Top of EXTRACTED ENTRIES

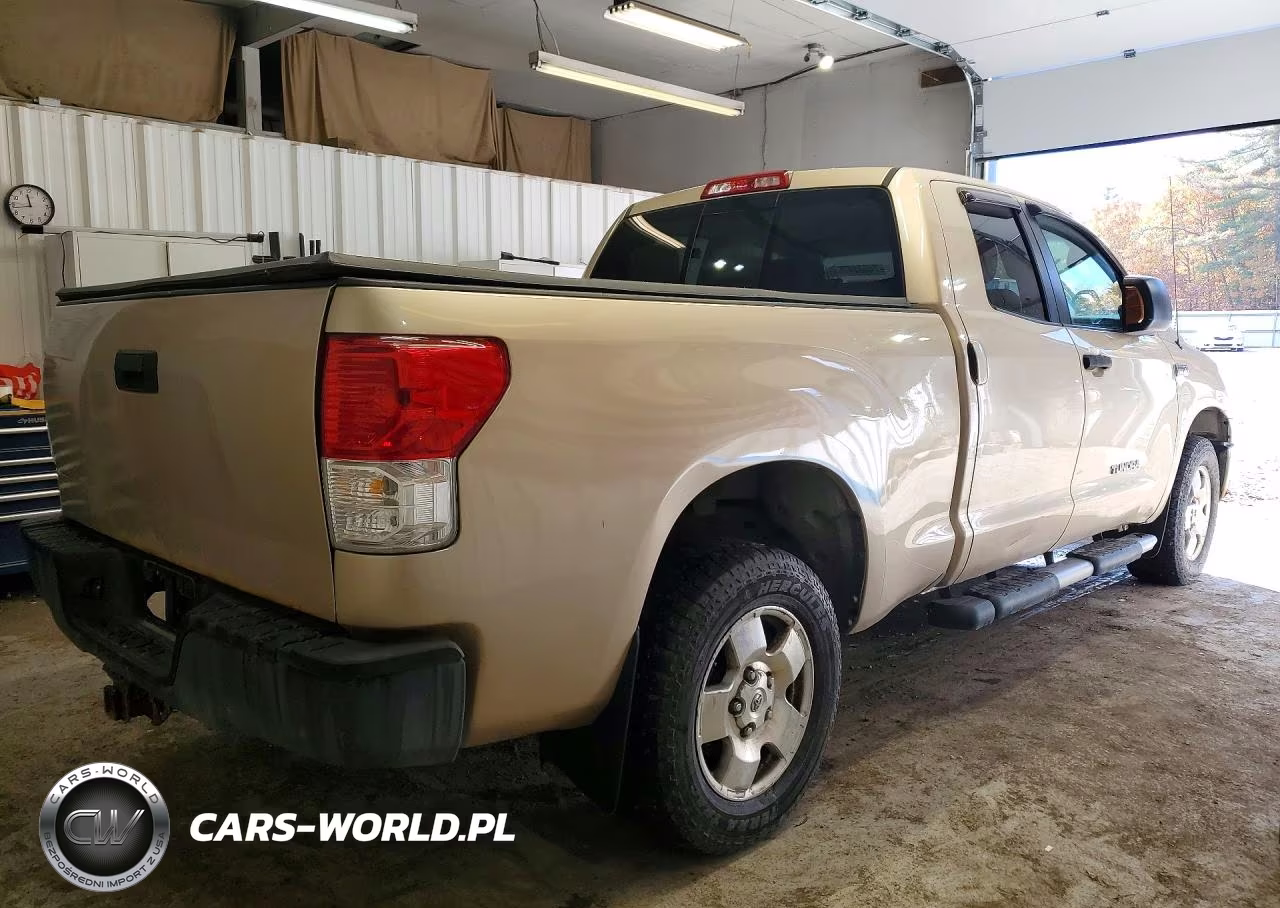 2010 Toyota Tundra Double Cab Sr5 VIN:5TFUY5F19AX131475 - 3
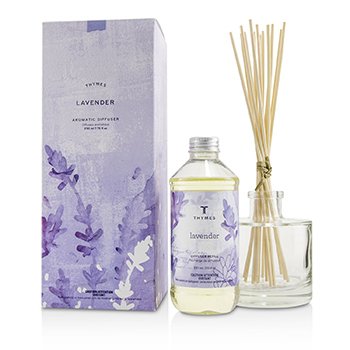 Aromatic Diffuser - Lavender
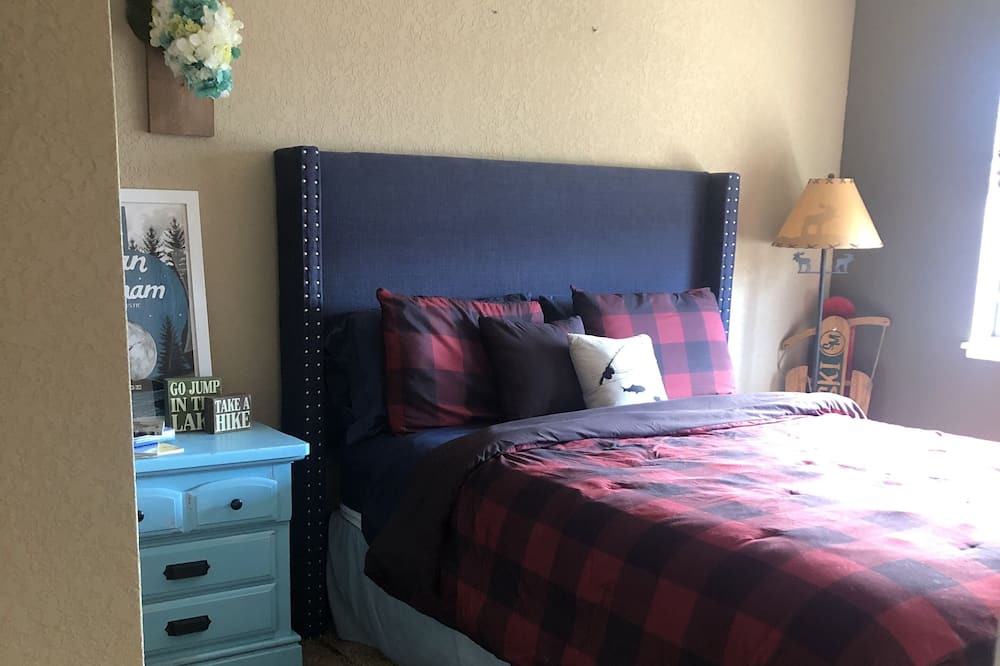 Photo of Bedroom in Meagher County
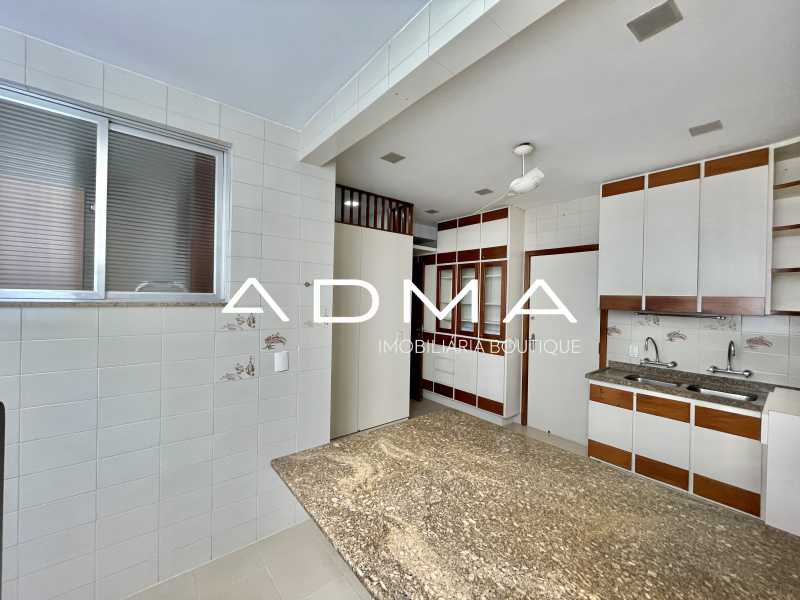 IMG_5856 - Apartamento 3 quartos à venda Ipanema, Rio de Janeiro - R$ 3.000.000 - CRAP30529 - 18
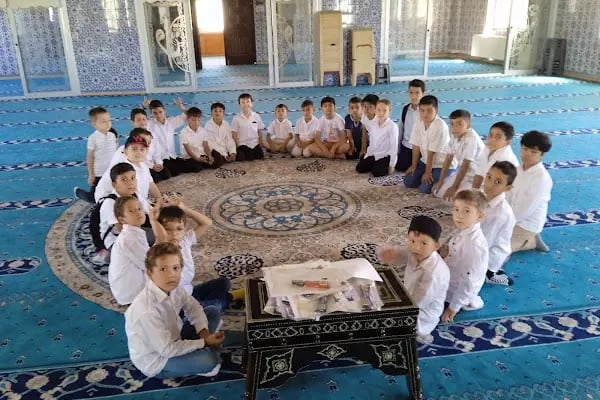 Fetih Cami - Resim 4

Bottom of EXTRACTED ENTRIES

WHAT YOU HAVE TO DO: Print every entry exactly; omit the pictures.

TASK RESPONSE:
 2010 Toyota Tundra Double Cab Sr5 VIN:5TFUY5F19AX131475 - 3
 Aromatic Diffuser - Lavender
 Photo of Bedroom in Meagher County
 IMG_5856 - Apartamento 3 quartos à venda Ipanema, Rio de Janeiro - R$ 3.000.000 - CRAP30529 - 18
 Fetih Cami - Resim 4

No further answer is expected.